• Extracted material
#####
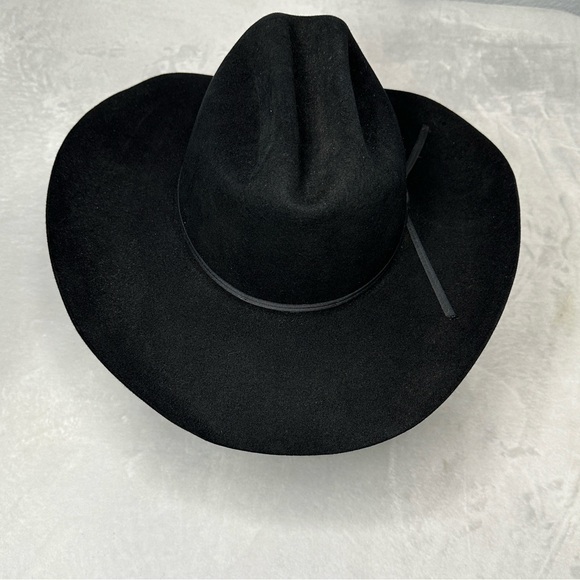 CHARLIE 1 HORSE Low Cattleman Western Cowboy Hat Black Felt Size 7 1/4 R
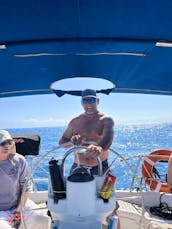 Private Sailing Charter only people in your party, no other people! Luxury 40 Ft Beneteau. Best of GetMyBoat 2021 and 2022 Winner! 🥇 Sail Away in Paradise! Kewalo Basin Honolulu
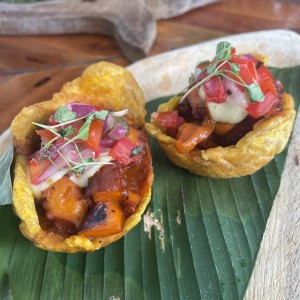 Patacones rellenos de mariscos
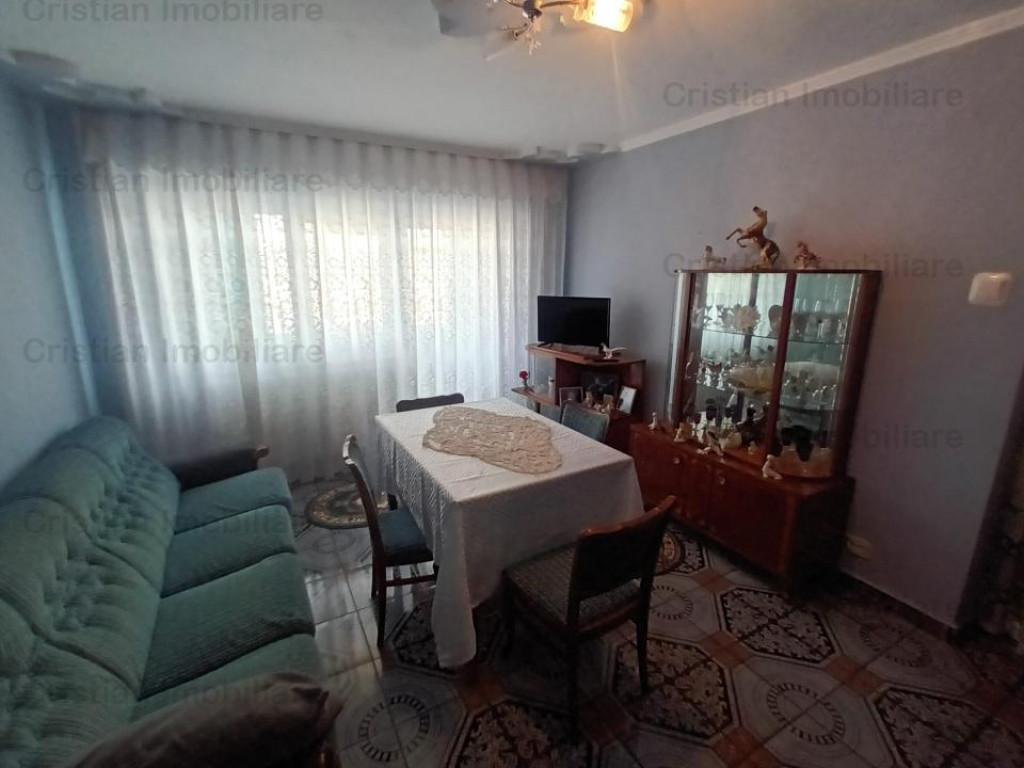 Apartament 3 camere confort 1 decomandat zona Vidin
#####
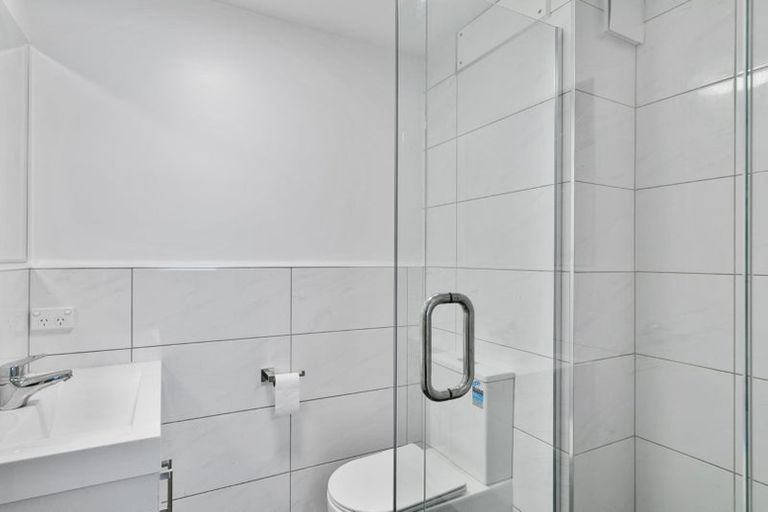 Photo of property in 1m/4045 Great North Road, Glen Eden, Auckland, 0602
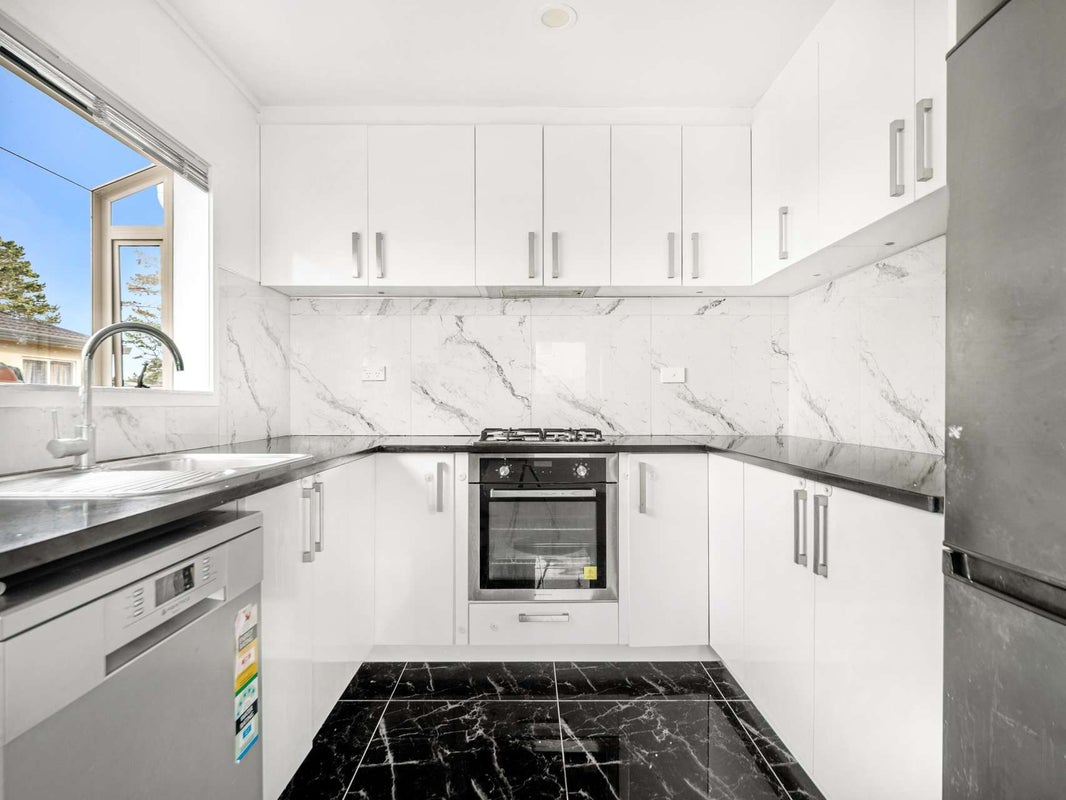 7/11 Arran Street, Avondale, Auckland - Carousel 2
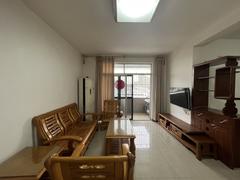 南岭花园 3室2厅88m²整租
#####
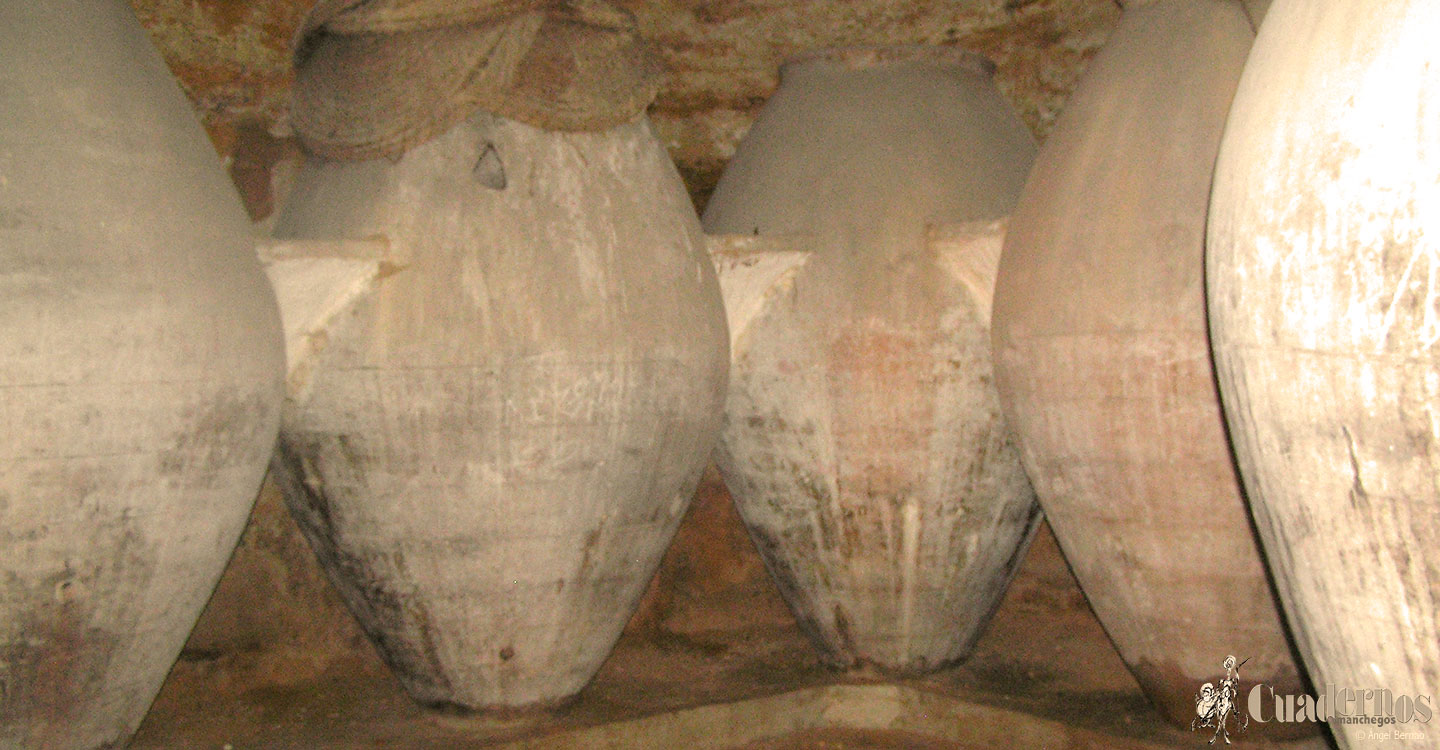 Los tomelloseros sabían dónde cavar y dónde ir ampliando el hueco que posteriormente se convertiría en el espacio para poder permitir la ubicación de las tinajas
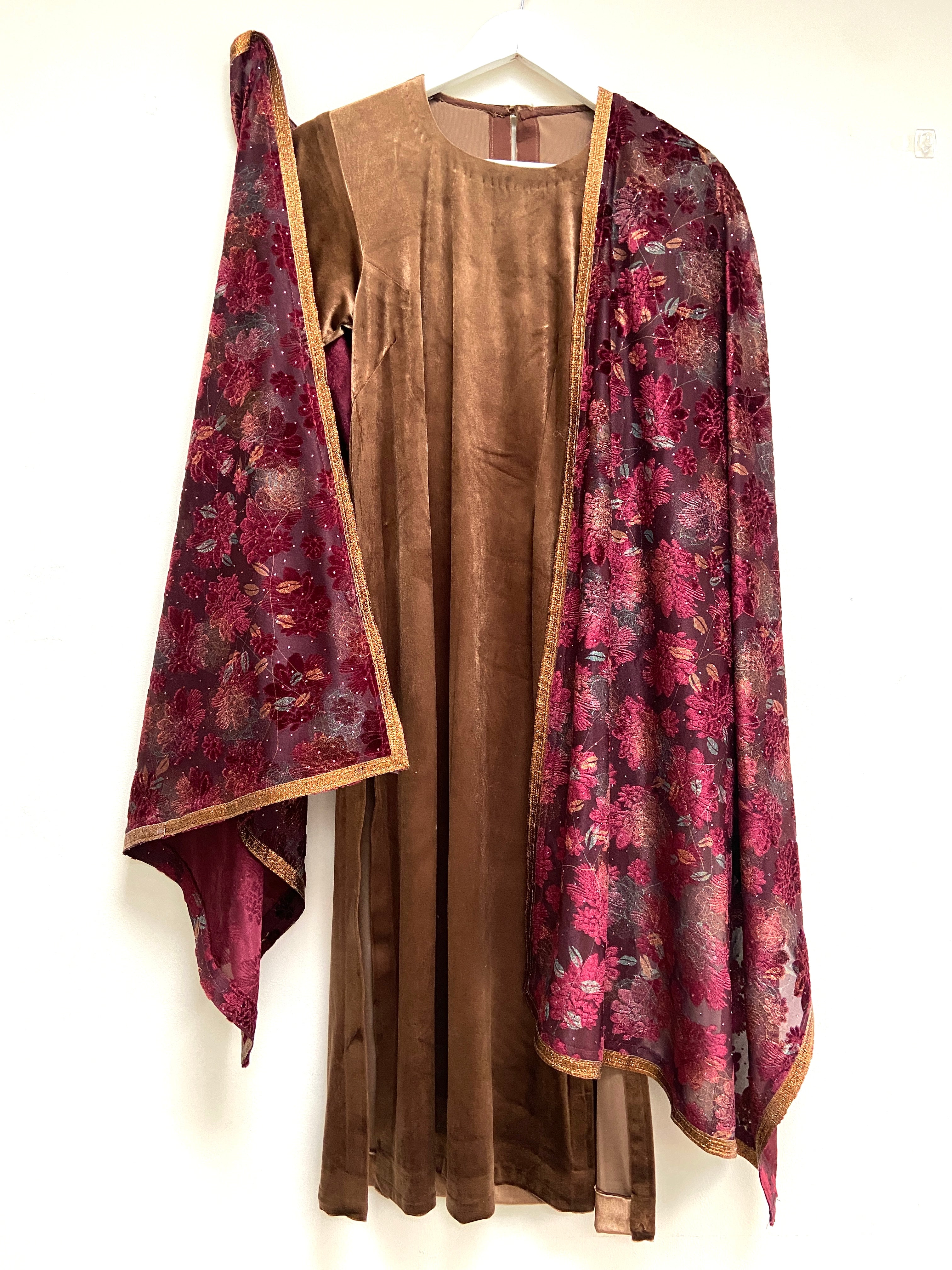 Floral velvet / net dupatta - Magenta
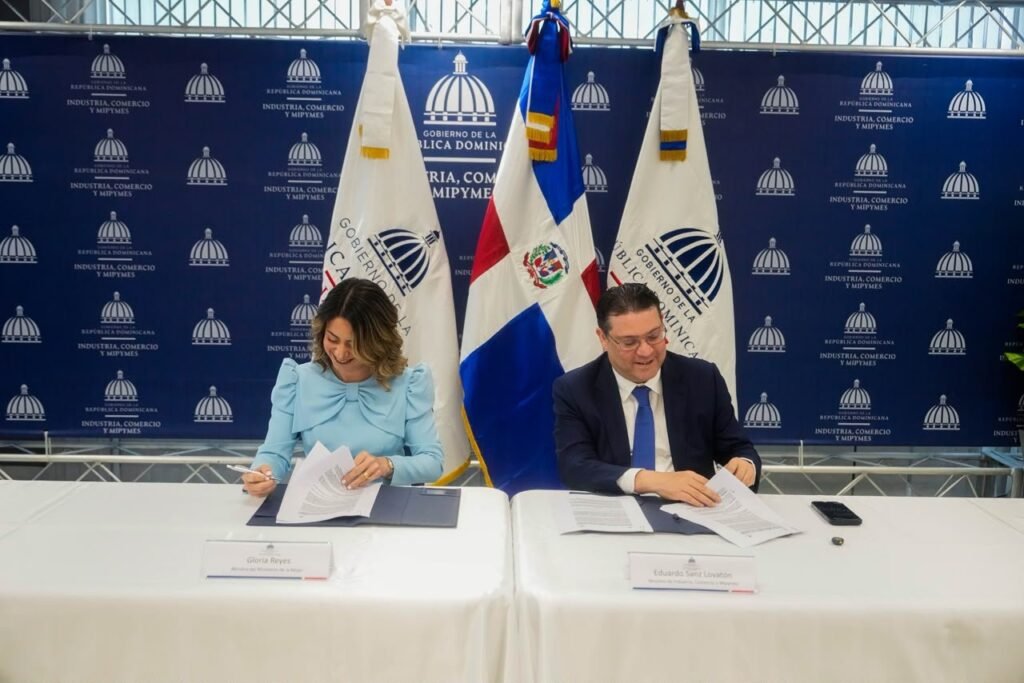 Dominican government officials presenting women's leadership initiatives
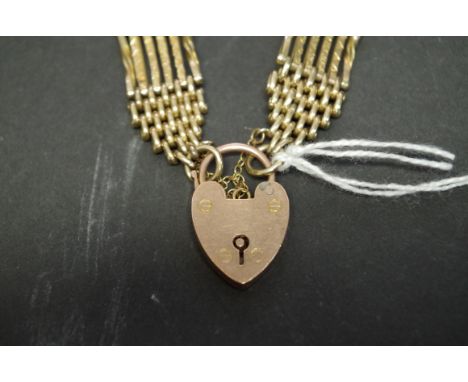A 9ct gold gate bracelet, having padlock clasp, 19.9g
#####
• Description of the task
In the listing above, find the line containing "Private Sailing Charter" and the line containing "Apartament 3 camere". Reproduce those lines and all between them exactly, with no pictures and nothing more.

• Exercise response
 Private Sailing Charter only people in your party, no other people! Luxury 40 Ft Beneteau. Best of GetMyBoat 2021 and 2022 Winner! 🥇 Sail Away in Paradise! Kewalo Basin Honolulu
 Patacones rellenos de mariscos
 Apartament 3 camere confort 1 decomandat zona Vidin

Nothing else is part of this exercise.